Surprisingly little has been written about deploying machine learning models, given all the talk about how machine learning is changing the world. We’ve certainly run into challenges deploying our own work that no one has discussed, as far as we know. This blog post discusses some of the statistical and computational issues we’ve encountered so others can learn from our choices, both good and bad.
Output storage: For almost all projects, DSaPP stores model information and output in the same database format. One table stores information about what we call “model groups.” A model group is a unique combination of model characteristics, such as the algorithm, hyperparameters, random seed, and features. Another table stores information about “models,” each of which is a model group fit on training data. We store all the predictions (each trained model applied to out-of-sample data) in a table and standard evaluations (e.g. accuracy, precision, recall, ROC AUC, brier score, how long it takes to train) in another. The last two tables store feature importances for the model and for each prediction. Using the database to store output makes querying and analyzing results fast and easy. Thanks to thoughtful table design and indexing, we can query billions of predictions and statistics in seconds.
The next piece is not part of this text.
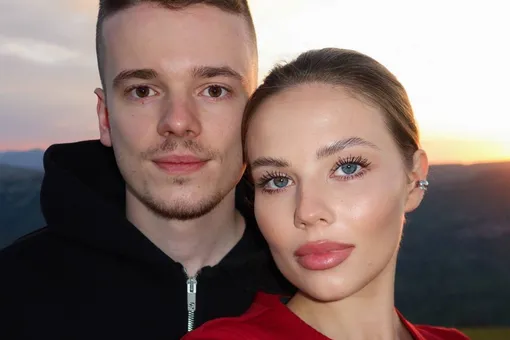 Ол өз мүшесін соратын жерде бейне тегтер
To allow future testing and development without impacting the live EIS, we created a separate “production” schema. We added new database tables for storing models, predictions, and feature importances for the models we decide to use, as well as a new “time_delta” table that stores each officer’s rank change over the past day, week, month, quarter, and year and a “review_audit” table that stores supervisor feedback for officer predictions. This schema is linked to the testing and evaluation environment by the model_group to ensure only models used in the production environment have been thoroughly tested against past data and to prevent accidental changes to the hyperparameters.
Production schema for department use
Using a standard format to store model outputs has an additional benefit: we built Tyra, a webapp that plots results for our projects. Tyra makes it easy for us and our partners to look at model performance without having to write database queries or read numbers from a table. Tyra includes precision at k over time; precision, recall, and ROC curves; feature distributions for officers with and without adverse incidents; and more. You can read more and download the code from Github: https://github.com/dssg/tyra.
An example page from Tyra
Accuracy: Choosing a model based on its precision in one time period is asking for trouble. A model may get lucky and generate accurate predictions for that single time period but not others (including in the future). To avoid this, we want a model that generates high precision in the top 100 over time. We built checks to flag unusual changes so someone can confirm the model is still performing as expected.
Extra trees and random forest tend to have the highest precision in the top 100. Logistic regression is the most accurate for a couple time periods. If we were to select models based on that one time period, we would choose poorly.
Effective interventions will reduce the value of these statistics. If the interventions are perfectly effective, the EIS will appear to have 0% precision, even if it’s 100% accurate, as the identified officers will receive interventions that prevent the adverse incident from occurring.